IN the hills outside Running Creek on the NSW-Queensland border, Australia's largest herd of Sahiwal cattle can be found grazing contentedly.
While ticks remain a constant source of irritation and cost for many breeders, the Richardson family's Sahiwal herd hasn't been dipped for more than three decades.
With each treatment costing around $6/head, ticks are a huge financial burden on many Queensland beef operations, costing the Australian beef industry an estimated $175 million each year.
For the Richardson family, the little known Pakistani breed, Sahiwal, has proved to be the magic bullet they were so desperately seeking in the fight against ticks.

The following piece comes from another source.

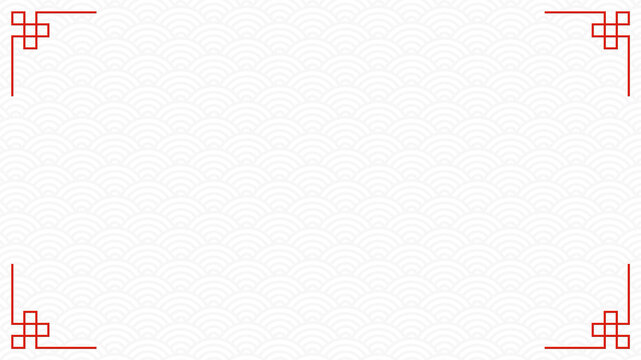 Red oriental Japanese letter ornament frame on white cloud wave background, traditional asian decorative border line art illustration, various luxury Chinese design style element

They originally ran dairy cattle on a property at Willow Vale on the outskirts of the Gold Coast but switched to Sahiwals in 1969 when they were unable to keep ticks under control.
Rod Richardson, who now runs the Sentinel Sahiwal Stud with his father Ernie and sister Elle, said the family's dairy herd was plagued by a tick that was completely resistant to all treatments and became impossible to control.
"The property was basically put under quarantine and they actually named the tick the Mount Alford tick after the property because it had evolved there," he said.
"We were using 50 times the strength of the dip intended and it still wasn't killing them.
"Dad had a relative in the beef industry who suggested we run Sahiwals, and that is how we got into them.
"He teamed up with Professor Des Dowling who worked in vet science at the University of Queensland and between him and Dad they started the Australian Sahiwal Society."
Forty years after purchasing their first Sahiwal breeders, the Richardson family is now running 230 Sahiwal and Sahiwal cross breeders on their 283ha property at Running Creek, 18km south of Rathdowney in South East Queensland.
The family relocated to Running Creek, a 1016 mm/year rainfall region, less than two years ago. They are hoping to eventually run around 350 breeders on the highly productive property.